Keywords: B-type Raf kinase V600E mutation, cancer recurrence, differentiated thyroid cancer, papillary thyroid cancers, risk stratification
How to cite this article:
Krishnamurthy A, Ramshankar V, Murherkar K, Vidyarani S, Raghunandhan G C, Das A, Desai P B, Albert K. Role and relevance of BRAF mutations in risk stratifying patients of papillary thyroid cancers along with a review of literature. Indian J Cancer 2017;54:372-8 |
How to cite this URL:
Krishnamurthy A, Ramshankar V, Murherkar K, Vidyarani S, Raghunandhan G C, Das A, Desai P B, Albert K. Role and relevance of BRAF mutations in risk stratifying patients of papillary thyroid cancers along with a review of literature. Indian J Cancer [serial online] 2017 [cited 2022 Mar 5];54:372-8. Available from: https://www.indianjcancer.com/text.asp?2017/54/1/372/219557 |
| » Introduction | |  |
Well-differentiated thyroid cancers have become one of the fastest growing malignancies in the world including in India.[1],[2],[3],[4],[5] The incidence in India as per the GLOBOCAN data is 13,801 new cases per 100,000. Thyroid cancers are rapidly increasing with a projected prevalence of 55,539 cases in 2017. The major histological types of thyroid cancers are papillary thyroid cancer (PTC), follicular thyroid cancer, medullary thyroid cancer, and anaplastic thyroid cancer. PTC includes a spectrum histological subtypes differing markedly in biological behavior. The conventional and follicular variants account for around 86%–90% of all PTCs. Considerable progress has been made in understanding the molecular mechanisms underpinning the well-differentiated thyroid cancers over the past two decades. This progress is best represented by the elucidation of the key signaling pathways, namely, mitogen-activated pathway kinase (MAPK) pathway and PI3K pathway.[1] A great majority of the PTCs are slow-growing tumors with a favorable survival rate.[6] However, there are certain clinicopathological factors that denote poor prognosis such as increasing age, extrathyroidal spread (ETS), neck node metastasis, and distant metastasis.[6] Incidentally, many studies have suggested that some of the above adverse clinicopathological factors have been associated with the presence of B-type Raf kinase (BRAF) V600E mutations. Further, given the specificity of BRAF V600E mutations within papillary thyroid cancers, it seems logical to study the mutations in the perspective of diagnosis and prognosis of PTCs. This aspect incidentally has been a topic of considerable debate.[7] We have attempted to assess the prevalence of BRAF V600E mutations in our cohort of well-differentiated thyroid cancers and have correlated the same with the clinicopathological features and survival outcomes in patients with conventional PTCs.

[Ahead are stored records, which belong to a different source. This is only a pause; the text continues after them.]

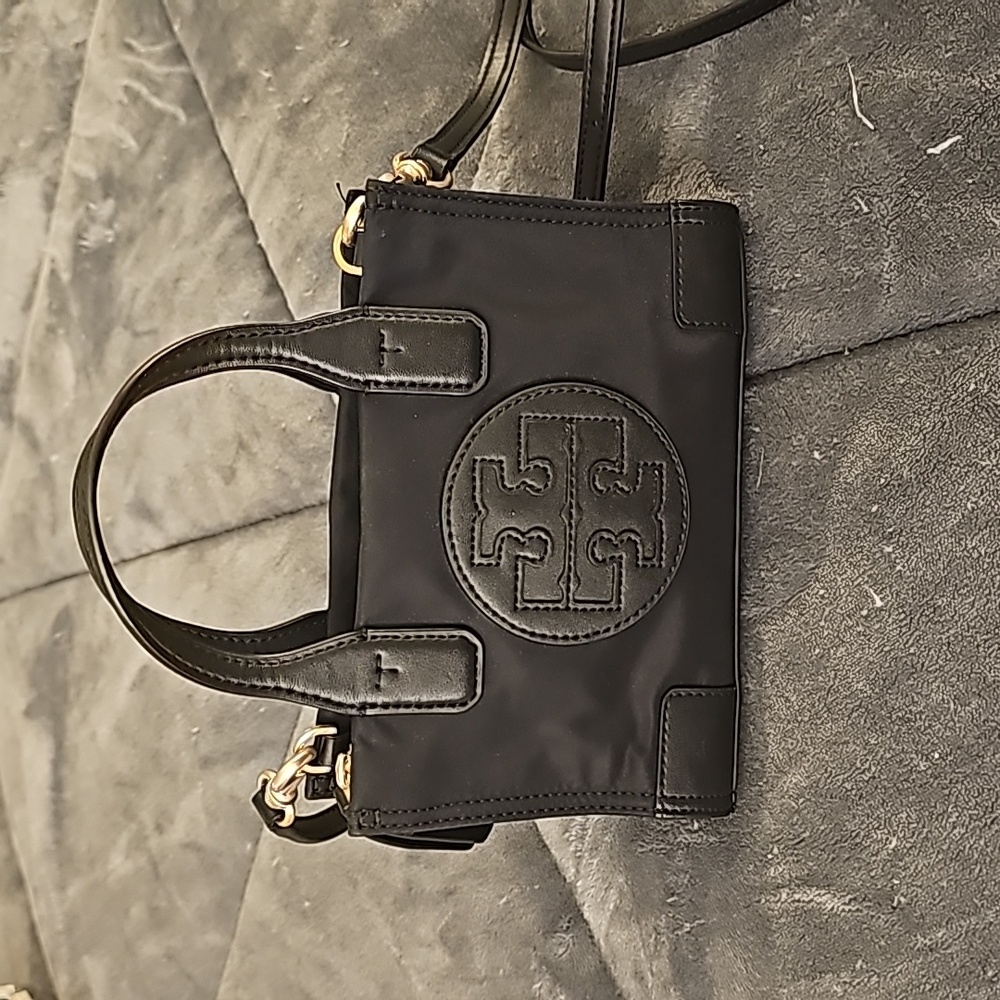 Tory Burch Black Nylon Ella Micro Tote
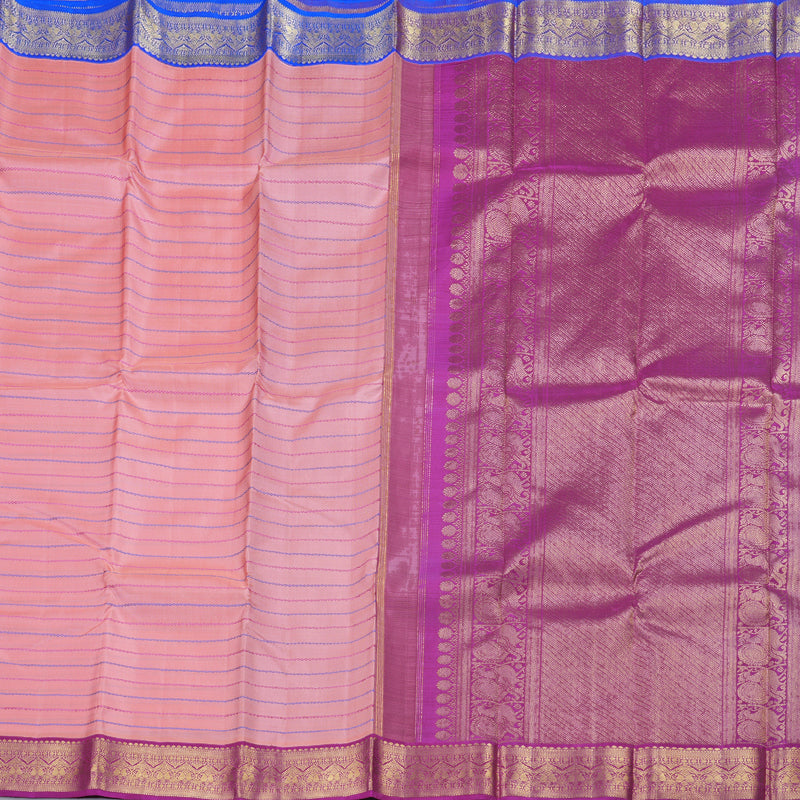 Hayagrivas Peach  Kanjivaram Silk Saree with Pink And Blue Border- BBD769H2-1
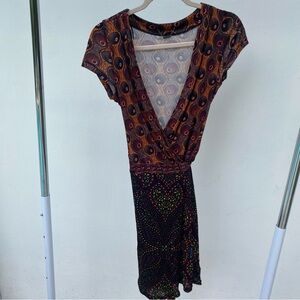Y2K Custo Barcelona Multicolor Abstract Print Wrap Dress Size Small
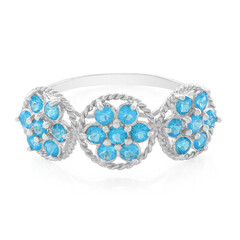 Neon Blue Apatite Silver Ring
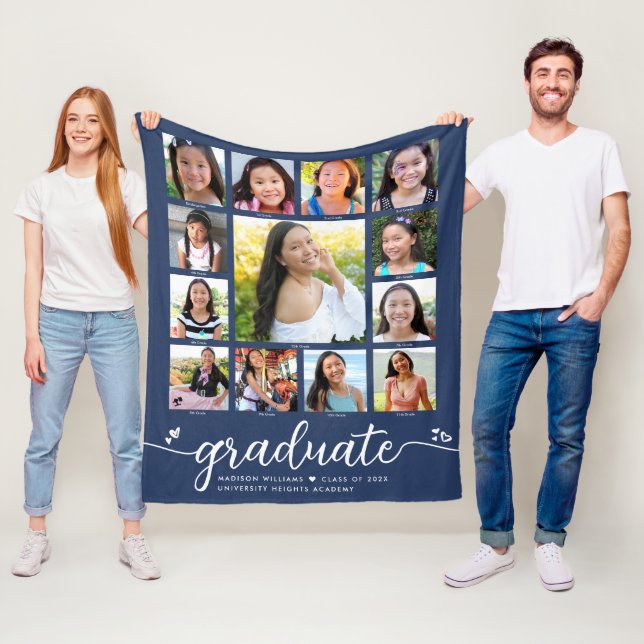 Navy Graduation K–12 Modern Script Photo Collage  Fleece Blanket (In Situ)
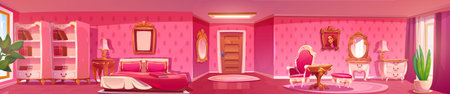 Panoramic princess bedroom interior with entrance door and pink walls, vintage bed and chairs, books in cabinet and mirror. Horizontal cartoon vector royal house or apartment indoor in victorian styleのイラスト素材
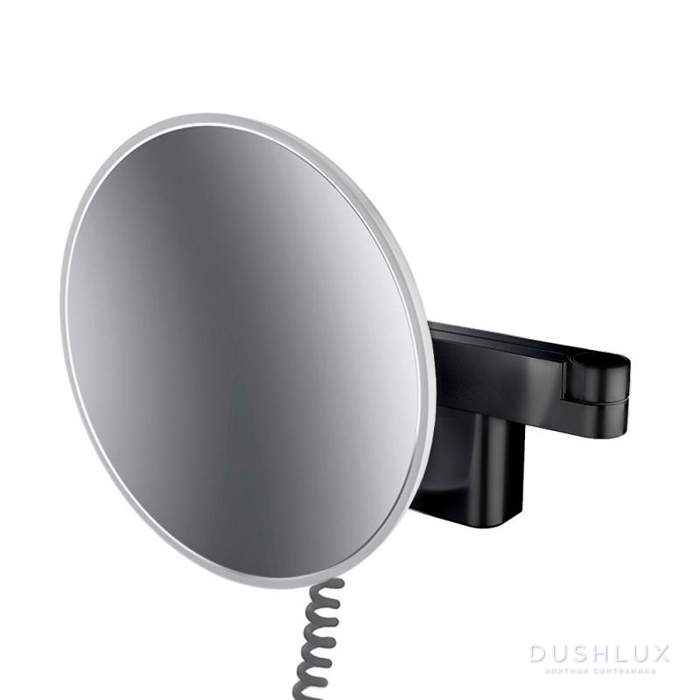 Фото EMCO Evo Зеркало косметическое, подвесное, LED, Ø209мм, двойной, snoer, ELS, 3x кратное увеличение, цвет: черный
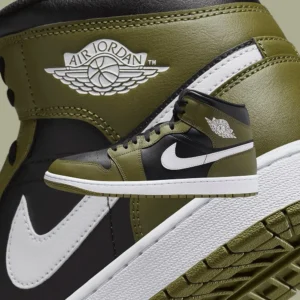 Air Jordan 1 Mid Medium Olive Shoes For Men (LAB1028)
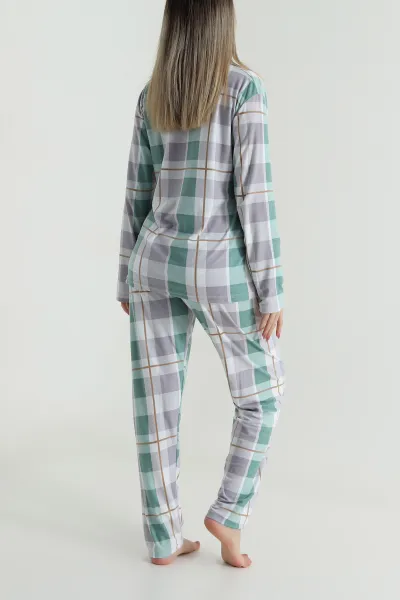 Yeşil Düğmeli Süet Kadın Pijama Takımı 486271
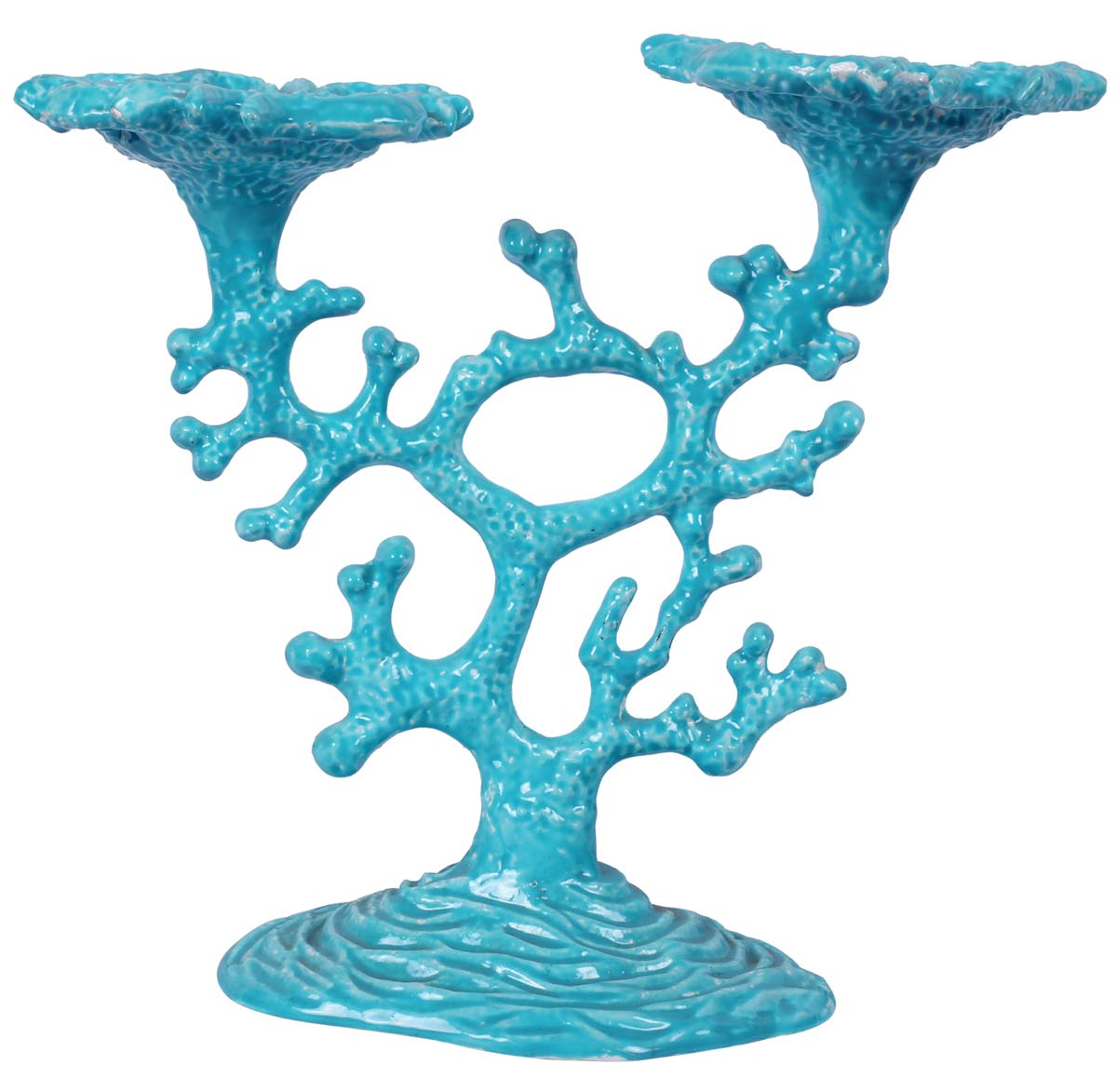 9.5” Sea-Tree Candle-Stand with 2 Holders in Aluminum - Sea-Blue Color - Hand-Crafted Home Decor from India - Buy in Bulk Wholesale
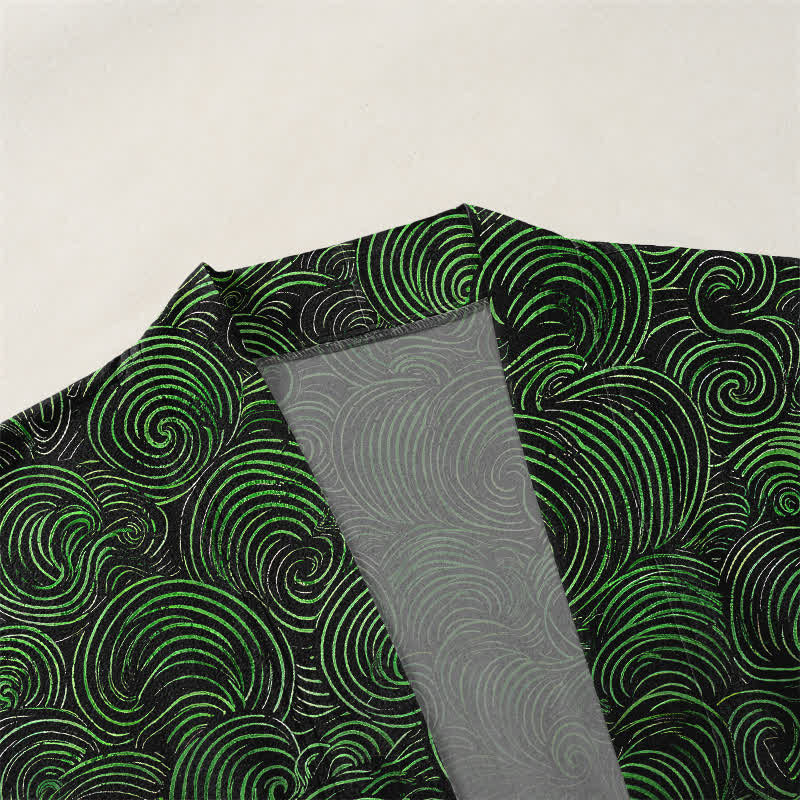 Buddha Stones Kimono de hombre con estampado degradado en espiral de algodón y frente abierto - image 3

| » Materials and Methods | | |
This is a retrospective study done in a cohort of well-differentiated thyroid cancer patients treated at a tertiary cancer in Chennai, South India, between the years 2005 and 2006. This study, approved by the Institutional Ethical Committee was carried out in 79 paraffin blocks of patients that were histologically confirmed to be well-differentiated thyroid cancers. Every sample was verified for representation of the tumor in the postsurgical histopathology with corresponding hematoxylin and eosin staining before including in the study. DNA was isolated from representative formalin-fixed paraffin-embedded (FFPE) cancer tissues and was used for quantitative polymerase chain reaction (qPCR) as described. The clinicopathological characteristics were retrieved from patient case records. The statistical methods included the correlation of the BRAF V600E positivity with the clinicopathological variables and the survival outcomes.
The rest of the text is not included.